Part 1 : Show #cos (a + b) = cos(a)*cos(b) - sin(a)*sin(b)#
enter image source here

A triangle XQP has been constructed along the hypotenuse of triangle XYQ with angle #a# above angle #b# as in the diagram.

The line segment XP is identified as the unit length for all measurements in this system.

A rectangle is constructed with base XY by extending the line from Y through Q until a point Z is reached where PZ is parallel to the bottom (XY) (completion of the rectangle establishes point W)

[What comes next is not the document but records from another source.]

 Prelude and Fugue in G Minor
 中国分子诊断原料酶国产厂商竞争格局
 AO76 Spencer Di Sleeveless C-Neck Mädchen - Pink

Within triangle XQP is is clear that (since #|XP| = 1#)
#|XQ| = cos(a)#
and
#|PQ| = sin(a)#

Therefore, in triangle XYQ
#|XY| = cos(b)*cos(a)# (#cos(b)# scaled up by the #cos(a)#)

Similarly in triangle QZP
#|PZ| = sin(a)*sin(b)#

Since WZ is parallel to XY (by construction)
angle XPW = angle PXY = #a+b#
and
#|WP| = cos(a+b)#

From the diagram
#cos(a+b) + sin(a)*sin(b) = cos(a)*cos(b)#
or
#cos(a+b) = cos(a)*cos(b) - sin(a)*sin(b)#

Part 2 : Show that if #cos(a+b) = cos(a)*cos(b) - sin(a)*sin(b)#
then #cos(a-b) = cos(a)*cos(b) + sin(a)*sin(b)#

#cos(a-b) = cos(a + (-b))#
so we can substitute to get
#cos(a-b) = cos(a)*cos(-b) - sin(a)*sin(-b)#

By the CAST quadrant diagram for trig. signs (below) we can see that
#cos(-b) = cos(b)#
and
#sin(-b) = -sin(b)#

enter image source here

Therefore, we can write:

#cos (a - b) = (cos(a) * cos(b)) - (sin(a) * (-sin(b) ))#

or
#cos (a - b) = cos(a)*cos(b) + sin(a)*sin(b)#